A bipartisan group of lawmakers introduced a bill Tuesday that would require a warrant based on probable cause before law enforcement can search any digital device belonging to a US citizen. The measure would also prohibit US border officials from denying a US citizen entry to the country if that person refused to hand over passwords, PINs, and other social media account information.

Sponsored by Sens. Ron Wyden (D-Ore.) and Rand Paul (R-Ky.) in the Senate, and Reps. Jared Polis (D-Colo.) and Blake Farenthold (R-Texas) in the House, the proposed legislation comes after a series of reports over the last couple months noting that the rate of digital device searches is skyrocketing. Wyden is worried the practice is only going to become more pernicious under the Trump administration.

"This bill makes sure that border agents are focused on criminals and terrorists instead of wasting their time thumbing through innocent Americans' personal photos."

"Americans' constitutional rights shouldn't disappear at the border," Wyden said in a statement when the bill was introduced Tuesday. "By requiring a warrant to search Americans' devices and prohibiting unreasonable delay, this bill makes sure that border agents are focused on criminals and terrorists instead of wasting their time thumbing through innocent Americans' personal photos and other data."
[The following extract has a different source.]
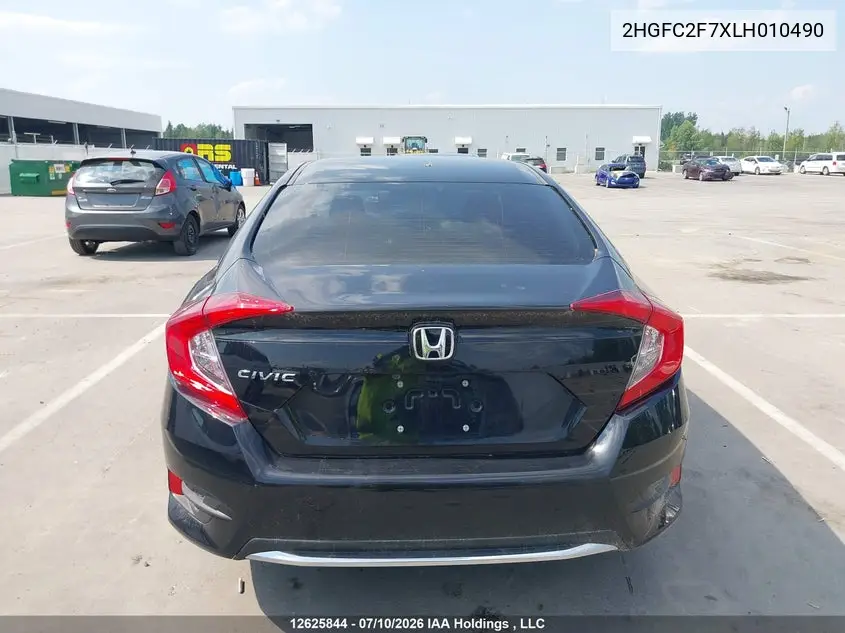2020 Honda Civic VIN: 2HGFC2F7XLH010490 Lot: 12625844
A spokesman for the Department of Homeland Security declined to comment on the bill, and the White House did not respond to a request for comment.

The rights of non-citizens are not addressed in this bill. On Tuesday, the Wall Street Journal reported that the Trump administration is considering harsh inspection and vetting procedures for travelers to the United States, even those only coming on a short trip, which would include disclosing "contacts on their mobile phones, social-media passwords and financial records" and being forced to answer "probing questions about their ideology." The Journal noted that the new policies "could apply to people from all over the world, including allies like France and Germany."

On February 20, Wyden wrote a letter to the Department of Homeland Security expressing concern over its increasingly aggressive digital phone searches and asking for detailed statistics on the practice. As of Tuesday afternoon, the agency hadn't responded to Wyden. The agency told Mother Jones, "All travelers to the United States are subject to [Customs and Border Protection] inspection" and noted that searches only occur on a fraction of the millions of people who travel across US borders each year.

The Department of Homeland Security is also being sued by the Knight First Amendment Institute, which advocates for freedom of speech and information, for similar records.

"As the Supreme Court unanimously recognized in 2014, innovation does not render the Fourth Amendment obsolete," Sen. Paul said in a statement. "It still stands today as a shield between the American people and a government all too eager to invade their digital lives. Americans should not be asked to surrender their rights or privacy at the border, and our bill will put an end to the government's intrusive practices."